The man-made and natural world around us abounds in jets and water droplets. Their interactions with each other and with the surfaces with which they collide, can produce a very wide range of outcomes some of which can be visually very captivating. We seek a deeper understanding of how are droplets generated, dynamics of mutual impact of droplets and coalescence, the different modes of spreading on rigid and flexible surfaces, the dynamics of jet impact on rigid surfaces and the various hydrodynamic instabilities which arise as a part of these processes. This understanding is technologically very relevant - many manufacturing processes deal with droplets and jet impact and associated heat transfer. An improved understanding leads to an improvement in the efficiency and design of such processes. We are currently developing the necessary computational and experimental tools for studying this broad class of problems.
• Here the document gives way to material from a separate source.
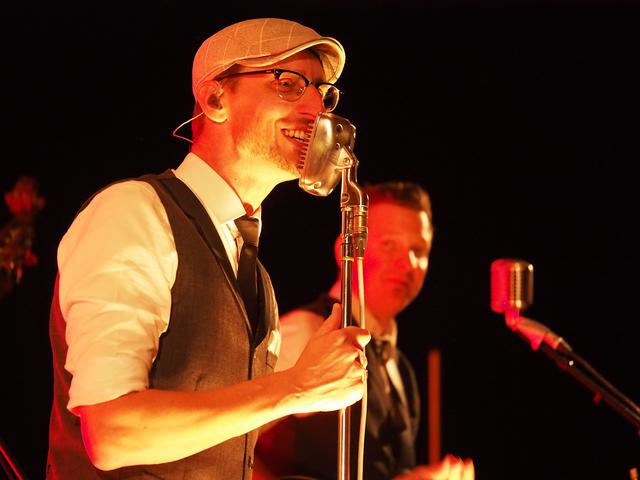 Foto: Wolfgang Gaube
We have a long-term interest in waves on interfaces, their stability and associated mass transport. One of the first problems under experimental study is wave formation on a flow down an inclined plane. This effort will soon be extended to computations and theory.
In collaboration with colleagues at TIFR Centre for Interdisciplinary Sciences, Hyderabad (TCIS), we are conducting atomistic simulations of amorphous materials which sheds light into their plastic deformation. This is part of our ongoing work on understanding plasticity, shearbanding and fracture in amorphous solids.